Testbiotech kündigt Beschwerde an

Dienstag, 29. September 2015

Das Europäische Patentamt (EPA) hält zwei Patente der US-Firma Intrexon aufrecht. In ihren Patenten EP1572862 und EP1456346 beansprucht Intrexon gentechnisch veränderte Mäuse, Ratten, Kaninchen, Katzen, Hunde, Rinder, Ziegen, Schweine, Pferde, Schafe und sogar Schimpansen als ihre Erfindung. Testbiotech hatte gemeinsam mit anderen Organisationen aus ethischen Gründen Einspruch gegen die Patente erhoben. Demnach stellen derartige Patente einen kommerziellen Anreiz für die Durchführung von Tierversuchen dar. Testbiotech will jetzt Beschwerde gegen die Entscheidung einlegen.

Laut Patentschrift sollen Schimpansen und andere genannte Tiere mit Genen manipuliert werden, die unter anderem nach Vorlage des Erbguts von Insekten synthetisiert wurden. Diese künstliche DNA soll die Kontrolle verschiedener Genfunktionen ermöglichen.

„Dieser Fall sendet ein deutliches Signal an die Öffentlichkeit, an Investoren und die Politik, dass ethische Grenzen viel größeres Gewicht bekommen müssen.
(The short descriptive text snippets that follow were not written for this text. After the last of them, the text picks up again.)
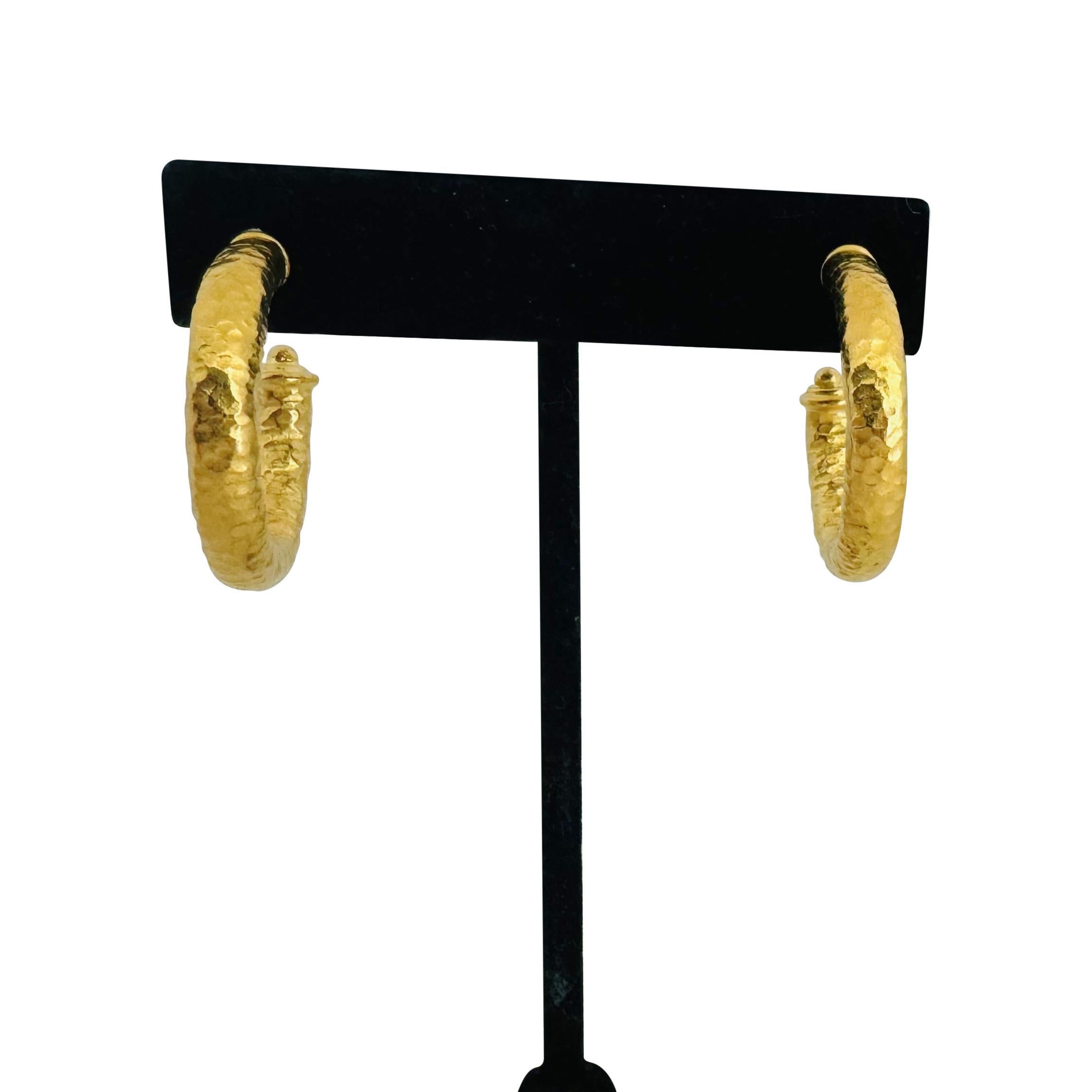 Zustand:  Ausgezeichneter Condit, Professionell gereinigt und poliert
Metall: 24k Gold (markiert und professionell getestet)
Gewicht: 20,4g
Länge: 1,2 Zoll
Breite: 1,15 Zoll
Die Dicke:  5mm
Verschluss:  Push Backs
Markierungen:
Gentechnisch veränderte Versuchstiere werden heute als lukratives Produkt gehandelt, von Patenten geschützt und massiv beworben. Ohne klare Gesetzgebung versuchen die Firmen weiterhin maximalen Profit auf Kosten der Tiere zu machen", sagt Christoph Then für Testbiotech.
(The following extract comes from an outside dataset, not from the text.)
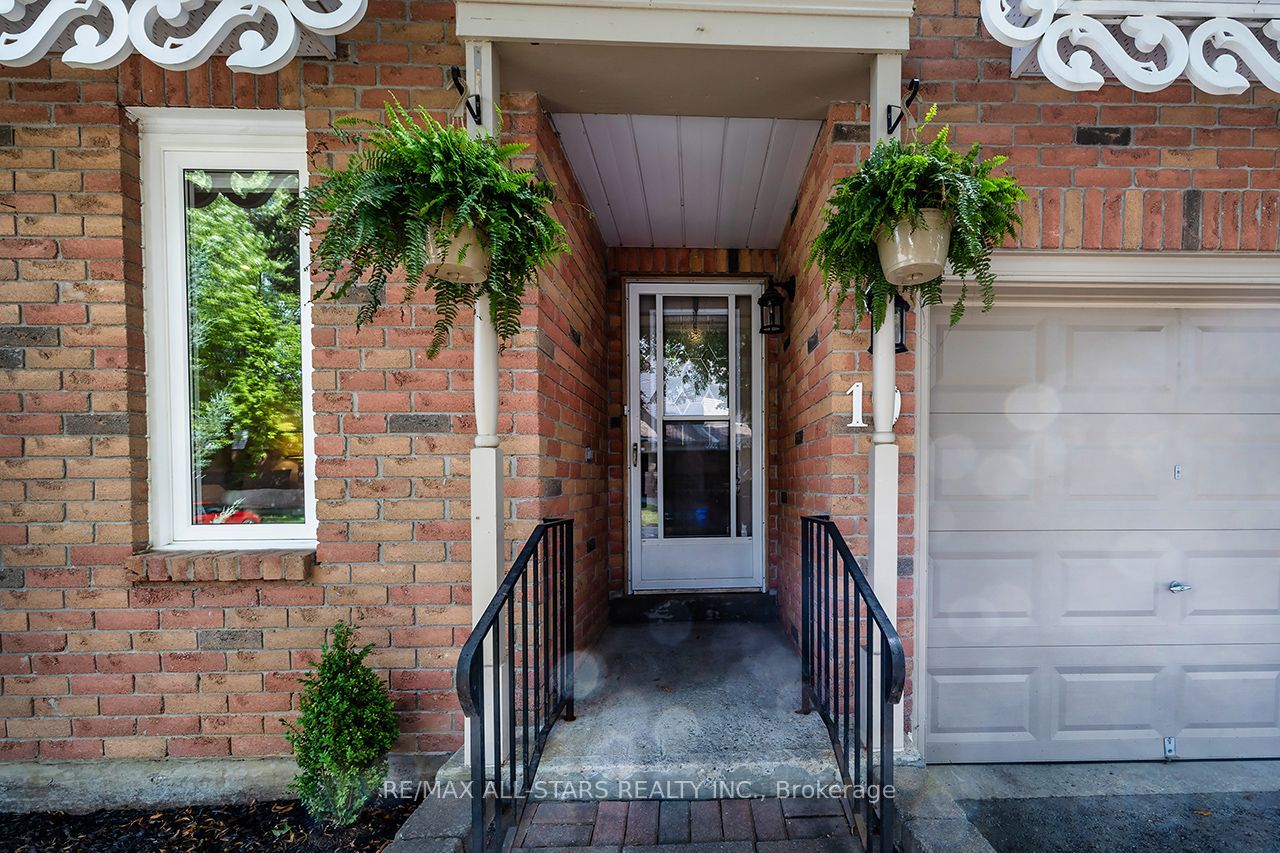 19 Adams Court 19, Uxbridge, ON L9P 1G2 photo 2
Intrexon sieht sich selbst als ein „führendes Unternehmen im Bereich der Synthetischen Biologie“ und ist sowohl in der Landwirtschaft als auch in der Pharmaforschung tätig. Die US-Firma hat Unternehmen aufgekauft, die Nutztiere klonen und gentechnisch veränderten Lachs produzieren. Intrexon ist auch auf dem Gebiet gentechnisch veränderter Bäume engagiert und hat jüngst die Firma Oxitec übernommen, die gentechnisch veränderte Olivenfliegen freisetzen will.
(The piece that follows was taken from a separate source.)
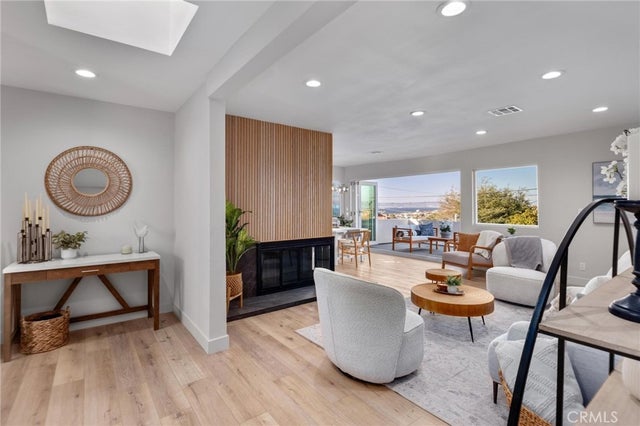 221 Via Los Miradores, Redondo Beach.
Testbiotech wirft Intrexon unmoralische Geschäftspraktiken vor, weil die Firma auf Profite aus der gentechnischen Manipulation sogar von Menschenaffen und einer unkontrollierbaren Freisetzung gentechnisch veränderter Organismen spekuliert. Zwei andere Biotech-Firmen waren dagegen nach Einsprüchen von Testbiotech bereit, ihre Patentansprüche auf Menschenaffen aufzugeben.

Zu den Einsprechenden gehören neben Testbiotech die Albert Schweitzer Stiftung für unsere Mitwelt, Cruelty Free International (früher British Union for the Abolition of Vivisection), Deutscher Tierschutzbund, Gen-ethisches Netzwerk (GeN), Gesellschaft für ökologische Forschung, Jane Goodall Institut, Kein Patent auf Leben!, Menschen für Tierrechte, Pro Wildlife, Schweizerische Arbeitsgruppe Gentechnologie (SAG), Schweizer Tierschutz (STS), TASSO und die Wild Chimpanzee Foundation Deutschland (WCF).